When Dorial Green-Beckham was packing earlier this week in a trade to Philadelphia, a clear message – intentionally or not – was sent by the Tennessee Titans going forward.
Those who are not ready to contribute consistently and immediately to bettering the team will not be on the team. The Titans showed they were no longer willing to wait for DGB to harness his physical skills. In other words, GM Jon Robinson made good on something he said from the outset of getting the job – the days of the Titans drafting project players and hoping to coach them up to contribute down the road are over.
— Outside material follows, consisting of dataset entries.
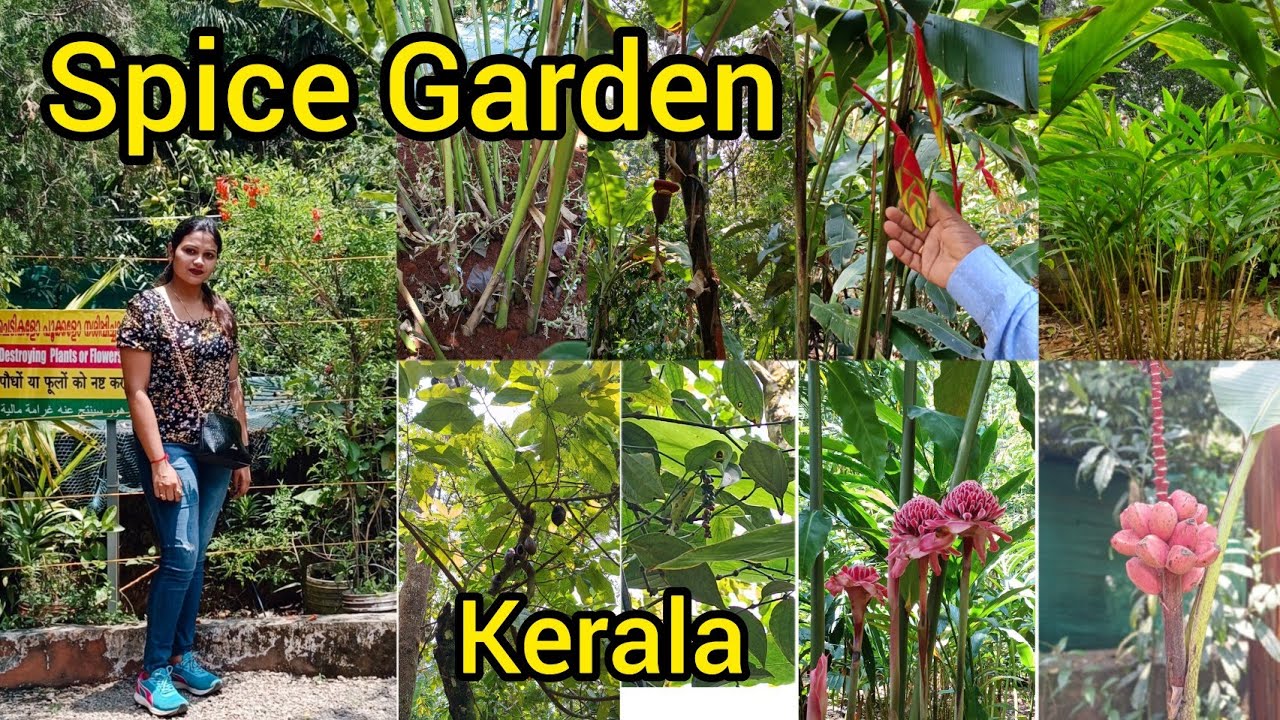 Kerala Spice Garden Tour Description of Spices tree and medicine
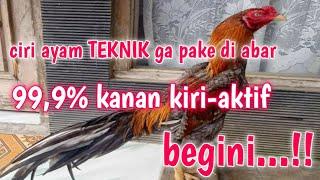 "Ciri Ayam Teknik: Unleas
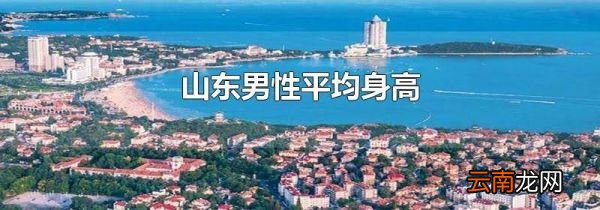 山东男性平均身高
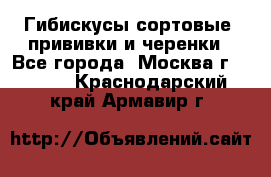 Гибискусы сортовые, прививки и черенки - Все города, Москва г.  »    . Краснодарский край,Армавир г.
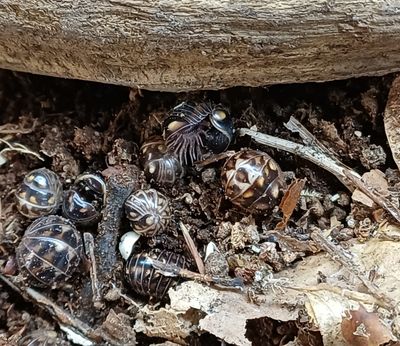 Glomeris hexasticha/ pilmiljoenpoten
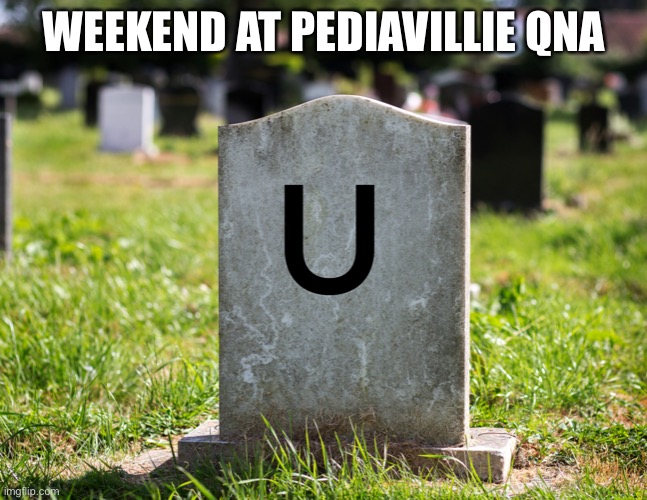 You red the title right | WEEKEND AT PEDIAVILLIE QNA | image tagged in never gonna give you up,never gonna let you down,never gonna run around,and desert you | made w/ Imgflip meme maker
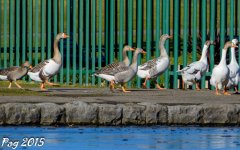 Goose Walk.jpg
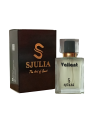 Valiant Men’s Perfume - Woody Aromatic Fragrance - SJULIA. 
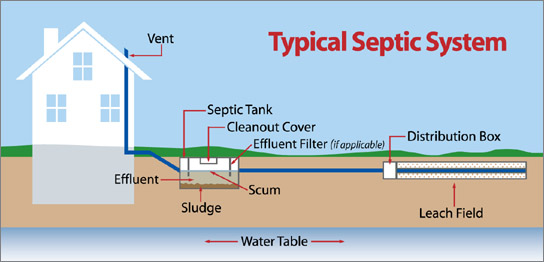 diagram of typical septic system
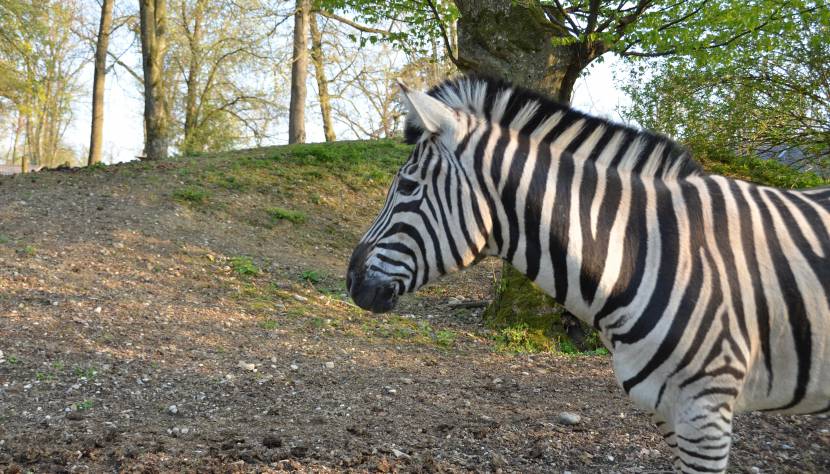 Zebra Tierpark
“You’re hope with your early picks, you’re going to pick some guys that are going to play quite a bit. You’re hoping that your first pick and your second pick are going to be starters or at least big contributors to your team,” Titans coach Mike Mularkey said. “I’m excited about all our draft picks, to be honest. There’s not one that hasn’t shown that he’s capable of playing.”
Consider this: Already two members of the 2016 draft class – right tackle Jack Conklin (first round) and receiver Tajae Sharpe (fifth round) – are bonafide starters, while Derrick Henry (second round) might as well be listed as one too, given that he will split time in the backfield with veteran DeMarco Murray.
Beyond that, safety Kevin Byard is nipping at the starters and pushing for playing time, while Kevin Dodd (just back from injury), Austin Johnson and undrafted Antwaun Woods are all battling for roles on the defense, either in a rotation or as key backups. Seventh-round linebacker Aaron Wallace was impressing before he hurt his ankle.
Late-round defensive backs LeShaun Sims and Kalen Reed are poised to get longer looks now in the preseason. Sims will run with the second team on Saturday against Carolina. Reed, as well as Byard, will work as kick returners vs. the Panthers.
“I’m anxious to see some of that, but they’ve all held their own,” Mularkey said.
What it means is that the Class of 2016 is one that has hit the ground running in terms of contributing beyond just covering kicks on special teams.
In recent years, with so many coaching and general manager changes, the Titans have been lucky to have more than one player in any draft survive long enough to pan out and become a consistent starter. In fact, other than 2011, where two players still remain (Jurrell Casey and Karl Klug), only one player each remains from the draft classes of 2008-12.
Even last year’s class has only quarterback Marcus Mariota, defensive lineman Angelo Blackson and fullback Jalston Fowler, who are guaranteed to figure into this year’s plans for the Titans. DGB has already moved on, and the other members of last year’s draft class are all in a battle to stay on the 53-man roster.
Sure, the most recent crop of rookies is going to get the benefit of the doubt from the regime that drafted them. But with the way players like Conklin, Sharpe and Henry are stepping in right away to show they belong, it gives off a feel that maybe this group has more staying power than some of the previous ones.